Classic sign of the times: eating at the bar, mezcal for breakfast
ASPEN — Mid-evening on a recent Saturday night and the stars were just coming out after Day Two of the 31st annual Food & Wine Classic in Aspen.
Fewer than half of the 10 seats at the bar at Rustique Bistro were occupied, one of them with me.
I was eating at the bar for several reasons, not the least of which is the menu is the same as that in the dining room but the prices are about a third less expensive. And in Aspen, that counts a lot.
Most restaurants offer bar-side dining, and riding mahogany ridge is often the quickest (and sometimes the only) way to get a seat without reservations, especially if you’re a single or a couple willing to sit next to, instead of across from, each other.
It’s to be expected there aren’t many dining reservations to be had in Aspen during the Food & Wine Classic, unless you want to eat at 5:30 p.m. or 10, but it’s all part of the experience and dining in Aspen can be very good, even when you’re sharing commentary with the bartender.
Restaurants generally offer bar seating because it frees a table for larger groups, it’s easier on the wait-staff and usually you’re in and out pretty quickly. Plus, sitting at the bar gives you the opportunity to share insider’s secrets with the mixologist while watching the coming and going at the front door.
Aspen is a celebrity magnet and crowd watching becomes a major pastime during the Food & Wine Classic, which each year attracts several thousand fans of great wines and talented cooking.
You might run into big-name chefs that need only one name — Mario (Batali), David (Chang), Gail (Simmons), Marcus (Samuelsson), Thomas (Keller), Jacques (Pepin, his 29th year at the Classic), José (André), Ming (Tsai) — at the Saturday farmers market or making an early morning stop at the bakery.
The list of rock star chefs is long, almost as long as the lines waiting to get into the SRO cooking demos in the two seminar rooms (each seating 400-plus) of the St. Regis Hotel, the perennial host to the Food & Wine Classic staff and its many guests.
Tickets to this year’s three-day event sold out in March, the earliest sell-out ever, reflective of the economic confidence held by high-end consumers (or maybe because they aren’t really affected by the R-word).
More than 80 seminars and demonstrations are packed into nearly every waking minute, including seven Grand Tastings under the familiar, high-peaked white tents featuring more than 300 wineries, bodegas, chateaus and other exhibitors from around the wine world. You could learn the secrets of Riesling (and maybe get a Riesling tattoo, as shown) from Mr. Riesling himself, New York City restaurateur Paul Grieco; discover the “weird and wonderful” wines from sub-regions of Spain from the vivacious sommelier and author Marnie Old; or explore the world of malbec with Mark Oldman, just to name three of the popular seminars, of which there simply are too many to attend.
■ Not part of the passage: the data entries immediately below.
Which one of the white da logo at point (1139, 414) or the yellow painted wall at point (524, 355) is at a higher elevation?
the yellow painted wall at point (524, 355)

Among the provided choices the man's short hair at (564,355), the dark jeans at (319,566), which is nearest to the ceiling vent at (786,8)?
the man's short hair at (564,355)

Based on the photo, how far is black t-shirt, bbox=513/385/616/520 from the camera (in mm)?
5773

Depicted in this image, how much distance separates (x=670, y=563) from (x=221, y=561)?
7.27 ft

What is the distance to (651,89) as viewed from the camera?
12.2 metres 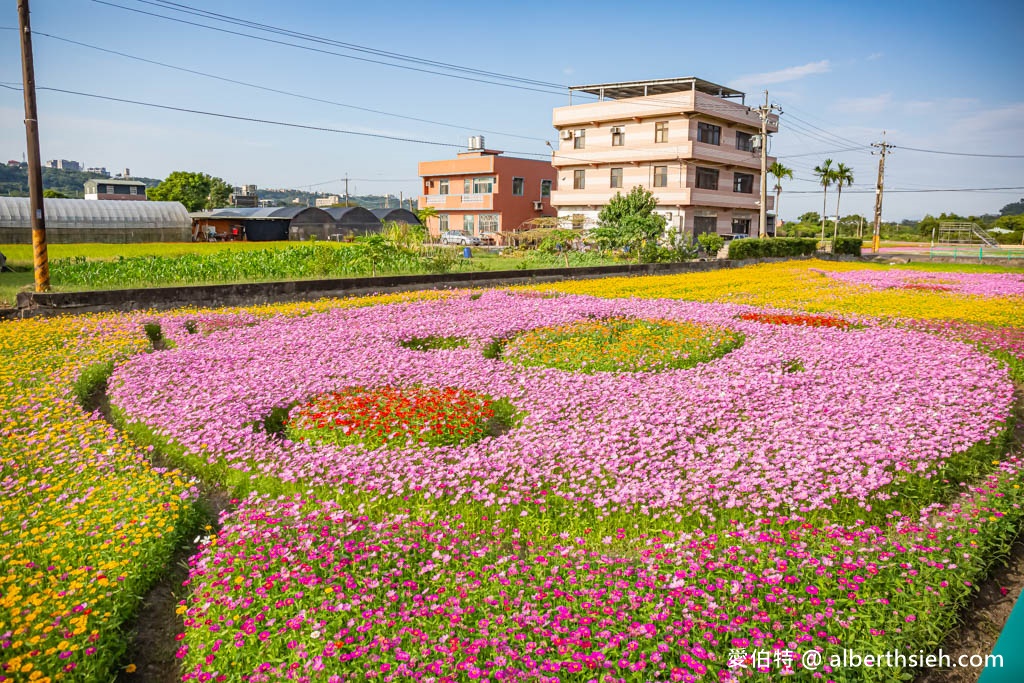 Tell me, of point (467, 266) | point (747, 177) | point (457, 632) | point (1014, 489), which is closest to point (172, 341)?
point (457, 632)

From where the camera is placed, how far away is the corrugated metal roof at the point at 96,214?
3556 cm

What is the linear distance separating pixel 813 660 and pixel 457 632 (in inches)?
81.4

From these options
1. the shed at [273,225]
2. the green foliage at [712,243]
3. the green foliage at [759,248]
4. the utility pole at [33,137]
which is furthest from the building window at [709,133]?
the utility pole at [33,137]

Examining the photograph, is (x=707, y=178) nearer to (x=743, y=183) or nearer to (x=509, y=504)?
(x=743, y=183)

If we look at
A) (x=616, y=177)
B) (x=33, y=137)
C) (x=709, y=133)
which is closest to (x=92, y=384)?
(x=33, y=137)

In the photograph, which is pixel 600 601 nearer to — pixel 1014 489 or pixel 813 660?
pixel 813 660

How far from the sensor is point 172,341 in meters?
12.4

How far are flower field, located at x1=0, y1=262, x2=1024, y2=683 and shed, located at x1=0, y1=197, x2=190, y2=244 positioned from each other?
30923 mm

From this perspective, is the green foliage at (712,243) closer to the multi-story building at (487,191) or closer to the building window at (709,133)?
the building window at (709,133)

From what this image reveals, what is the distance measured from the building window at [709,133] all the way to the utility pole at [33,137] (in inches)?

Wander into the Grand Tasting and grab a glass: Don’t just wander, but pick a region, a wine, a country or a grape and go for it. Maybe you want to taste Assyrtiko, the great white wine from the island of Santorini, off the coast of Greece; a 2010 Bodegas Chacra Barda Pinot Noir from Patagonia Agentina; a Faustino 1982 Gran Reserva from Spain’s Ribera del Duero; a Pisco Maiden, made with Peru’s signature brandy; or sip an exotic 2011 tempranillo blanco from Bodegas Valdemar in Rioja.
This is your chance to explore, to be daring.
“I like this one for breakfast,” laughed mezcalero Gustavo Ibas from Oaxaco, Mex., as we shared a sip or two of the Banhez Reposado mezcal and Ibas also shared a saying about mezcal: “Para todo mal, mezcal, y para todo bien también,” which translates to “For everything bad, mezcal, and for everything good also.”
At the Food & Wine Classic in Aspen, everything is good.